Этот же уходящий вниз склон с видимым концом дороги окончательно и уже бесповоротно ставит перед нами вопрос о нашей идентичности. Кто мы в отрыве от…
…наших детей.
…мужей.
…мужчин.
…работы.
…успеха.
…нашей красоты, молодой кожи и упругого тела.
…возможностей молодости.
Кто мы, если мы не определяем себя только как хорошую мать, прекрасную жену или красавицу?
Чем нам поддерживать самооценку и ценность для самих себя и окружающих, если мы не самоутверждаемся за счет своих ролей?
Что даст нам основание принять свою зрелость и согласиться на нее взамен того, что давала нам молодость?
Женщины в этот период переживают серьезный кризис идентичности. С одной стороны, к этому времени мы чувствуем сильное истощение запасов нарциссизма молодости, в которой была и уверенность в себе и мечты о том, как все сложится. С другой – мы растеряны, потому что не знаем, как встроить себя в ряды зрелых женщин, ценных своим опытом, мудростью и особенной красотой. А еще мы боимся…

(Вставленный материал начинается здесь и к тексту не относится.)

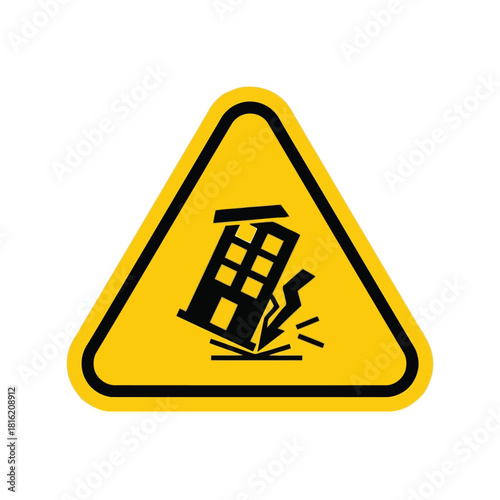 Earthquake building collapse warning sign icon   structural hazard safety symbol vector Vector, illustration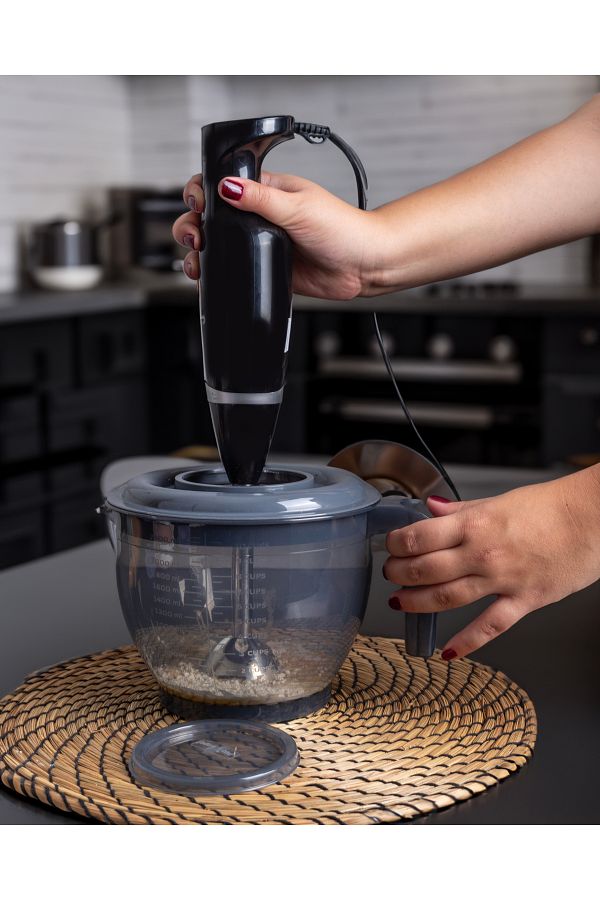 Ecolux-Mixer Bowl with Lid 2400 Ml Mixing Bowl with Handle Whisking Bowl - Anthracite 1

Нам страшно стареть, потому что мы не видим в этом ничего хорошего.
Нам страшно терять то, на чем держались наши представления о себе.
Нам страшно миновать прекрасную зрелость, о которой мы ничего не знаем, и сразу же оказаться просто старыми.
Нам страшно очутиться на обочине жизни, которая так явно мерещится в этом мире, еще пока сильно ориентированном на молодость и красоту.